この劉石の故事話を信じる信じない別として、江戸期の古辞書『書言字考節用集』(一六九八年)になると、「竹葉〔チクエウ〕東坡集註。宜城九〓〔酉-温〕酒。竹葉酒ト号ス 」と「竹葉」はただ銘酒のなまえとするだけの表現もあります。

 1-1『蔭凉軒日録』

(長享3.03.03)に、「泉里より桃花飯一盆ならびに竹葉酒一瓶」

(長享3.03.14)に、「夜来御影の間において茶子を盛り、楊花飯・竹葉を喫す」

 1-2井原西鶴『好色一代女』(一六八六年)に、「竹葉の一滴を玉なす金盃に移し」と表現され、「竹葉」は「酒」の文章用語として使われていきます。

2、上戸と下戸

 また、この話しには酒飲みと酒が飲めない人の故事が示されていますが、ぐでんぐでんに酔っぱらた人のことを古くは「ずぶ六」と言いました。また「とらになる」とも言います。さらには「左党〔ひだりトウ〕」とも言います。

ここに示された「上戸」のことばが貴族階級の正統派なもの言いであれば、「のんべ」を表現する世俗語が今日こんなにも生み出されてきた背景には、その時代時代にあっていつの日でも酒飲みと酒は庶民にとって大いに話題を提供してきたからなのではないでしょうか。ところが、『土蓋嚢抄』には、まだ「上戸」の異名は見当たりません。ここに示した世俗語は、江戸時代以後に言われ始めたのでしょうか。

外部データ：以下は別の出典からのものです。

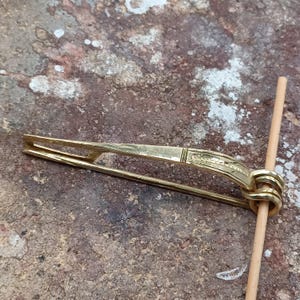BRASS-Nauheim Celtic bow fibula. 3.26&quot;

[補注] 「上戸」の異名:室町時代の日記であります『蔭凉軒日録』(延徳4.09.02)に、「作州ヨリ山下四郎次郎・池内弥次郎、注進ノタメニ上洛ス。晩食ヲ勧ム。夜来太ダ寂莫、之ヲ見ルニ忍ビズ。濁醪ヲ典ジテ勧ム。柏也三盃ヲ傾ク。丹也六盃ヲ傾ク。堅也五盃ヲ傾ク。久也八盃、勛也五盃、昌也四喝、山下ハ害馬ナリ。池内ハ十盃ヲ傾ク。冷汁椀ヲ以テ盃トナス。一時ノ野趣ナリ」とある「害馬」ですが、『莊子』徐旡鬼に、「牧馬小童曰、夫為天下、亦奚以異乎牧馬者哉、亦去其害馬者而已矣」とありまして、注文には「馬以過分為害」とし、疏にも「害馬者、謂分外之事也。夫治身莫先守分、故牧馬之術、可以養民」と示されていますように「分を過ごすこと」を云い、ここでは、「飲みすぎ」を「害馬」と表現しています。

 まず、「ずぶ六」ですが、江戸後期の式亭三馬の滑稽本『酩酊氣質〔メイテイかたぎ〕』(一八〇六年)序に、「夢中作左衛門、狂薬(酒)の十分六をたのんで、酒瓶に氣違水を汲む」と見えるあたりからでしょうか。明治の三遊亭円朝作『真景累ケ淵』六十に、「すると或日の事で、づぶろくに酔つて帰ると、惣次郎はをりません」[一八七頁]とあります。この「ずぶ」ですが、「ずぶの素人」とか「ずぶ濡れ」と同じ意味で「まったく、全然」です。そして、「六」のほうは「うちの宿六」「総領の甚六」とも用いられてどうしょうもない役立たずの「ろく【陸】でなし」をさします。すなわち、「陸」の宛字で、ものの形が歪むことなく正しいことを言います。「ろくでもない」の「ろく」を尾っぽにつけて「ずぶろく」「宿六」「甚六」が生まれたのです。

 つぎに「とら」は、もっと新しい近代になって生まれた表現のようです。初出用例をもとめています。一休さんのトラ退治話しの張り子の虎ではないですが、虎の絵に必ず竹薮が描かれています。仮名垣魯文の『西洋道中膝栗毛』下56⑨に「祖父〔ぢゝい〕の代から、三代〔さんでへ〕つゞいて、弥次郎北八と言やア、牡丹に唐師子〔からじし〕、竹に虎、桐に鳳凰、松に鶴、旅は道連〔みちづれ〕、はなれねへ中〔なか〕は、見物が先刻〔せんこく〕承知ダ。」と、「梅に鶯」「紅葉に鹿」と同じく「竹に虎」といった符丁からでてきたことばだったのです。虎は古くから日本では生息しない動物でしたので、絵から記憶されていったといってよいでしょう。また、虎の皮も「唐皮」といって巷では簡単には見ることがなかったものです。男性より女性の「のんべ」が似つかわしいのは、ふだんおしとやかなご婦人が酒をがぶ飲みし、正体なく酔っ払って「おお虎」と化すからです。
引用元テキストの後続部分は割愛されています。